> _Exercise aim_: Your output should be the lines from the one that contains "Monstera leaf outline" to the end of the listing, transcribed exactly. Include nothing else.

> _Provided material_:
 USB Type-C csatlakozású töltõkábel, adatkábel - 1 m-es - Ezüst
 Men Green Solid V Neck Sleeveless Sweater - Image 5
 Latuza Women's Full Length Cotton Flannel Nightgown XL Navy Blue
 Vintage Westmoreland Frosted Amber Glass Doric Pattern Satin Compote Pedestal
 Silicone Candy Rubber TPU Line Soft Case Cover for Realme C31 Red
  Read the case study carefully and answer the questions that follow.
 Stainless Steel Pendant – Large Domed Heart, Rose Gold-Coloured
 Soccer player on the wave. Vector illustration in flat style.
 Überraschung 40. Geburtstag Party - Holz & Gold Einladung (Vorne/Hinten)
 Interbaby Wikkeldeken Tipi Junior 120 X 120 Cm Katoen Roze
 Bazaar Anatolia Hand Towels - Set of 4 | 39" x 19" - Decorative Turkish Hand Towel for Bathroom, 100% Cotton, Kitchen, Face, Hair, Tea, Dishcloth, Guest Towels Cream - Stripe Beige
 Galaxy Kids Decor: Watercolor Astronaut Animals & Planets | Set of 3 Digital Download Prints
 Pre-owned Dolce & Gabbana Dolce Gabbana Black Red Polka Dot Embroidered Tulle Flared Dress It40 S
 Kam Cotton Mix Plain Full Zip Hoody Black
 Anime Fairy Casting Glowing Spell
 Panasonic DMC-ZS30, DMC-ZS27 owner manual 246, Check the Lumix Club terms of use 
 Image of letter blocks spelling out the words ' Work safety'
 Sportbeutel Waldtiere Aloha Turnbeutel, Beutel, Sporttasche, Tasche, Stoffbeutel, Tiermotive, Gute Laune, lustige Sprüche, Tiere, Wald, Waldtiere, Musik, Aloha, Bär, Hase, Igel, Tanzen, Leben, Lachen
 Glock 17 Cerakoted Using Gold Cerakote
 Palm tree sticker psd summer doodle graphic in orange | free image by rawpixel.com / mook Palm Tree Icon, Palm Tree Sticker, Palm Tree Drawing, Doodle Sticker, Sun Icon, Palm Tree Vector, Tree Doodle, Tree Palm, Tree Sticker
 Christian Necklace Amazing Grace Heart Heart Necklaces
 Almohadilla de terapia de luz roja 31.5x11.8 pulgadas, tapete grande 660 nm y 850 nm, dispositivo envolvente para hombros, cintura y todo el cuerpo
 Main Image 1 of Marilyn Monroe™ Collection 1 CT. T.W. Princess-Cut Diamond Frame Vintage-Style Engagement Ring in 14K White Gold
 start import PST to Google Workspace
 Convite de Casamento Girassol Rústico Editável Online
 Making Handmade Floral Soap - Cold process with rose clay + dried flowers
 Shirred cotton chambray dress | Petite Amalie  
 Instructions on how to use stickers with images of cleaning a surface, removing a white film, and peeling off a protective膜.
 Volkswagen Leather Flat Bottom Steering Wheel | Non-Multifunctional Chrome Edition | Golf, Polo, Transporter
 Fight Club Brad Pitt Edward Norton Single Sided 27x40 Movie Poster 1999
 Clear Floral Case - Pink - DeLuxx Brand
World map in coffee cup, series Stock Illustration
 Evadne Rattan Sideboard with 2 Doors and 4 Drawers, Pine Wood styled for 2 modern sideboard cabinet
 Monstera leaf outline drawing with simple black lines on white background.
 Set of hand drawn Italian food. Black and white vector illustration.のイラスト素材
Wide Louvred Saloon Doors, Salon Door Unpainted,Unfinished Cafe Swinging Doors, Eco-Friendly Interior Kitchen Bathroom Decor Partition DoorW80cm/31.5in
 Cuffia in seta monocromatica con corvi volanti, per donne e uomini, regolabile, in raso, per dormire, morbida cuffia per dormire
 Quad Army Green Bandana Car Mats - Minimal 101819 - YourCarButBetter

> _Solution to this problem_:
 Monstera leaf outline drawing with simple black lines on white background.
 Set of hand drawn Italian food. Black and white vector illustration.のイラスト素材
Wide Louvred Saloon Doors, Salon Door Unpainted,Unfinished Cafe Swinging Doors, Eco-Friendly Interior Kitchen Bathroom Decor Partition DoorW80cm/31.5in
 Cuffia in seta monocromatica con corvi volanti, per donne e uomini, regolabile, in raso, per dormire, morbida cuffia per dormire
 Quad Army Green Bandana Car Mats - Minimal 101819 - YourCarButBetter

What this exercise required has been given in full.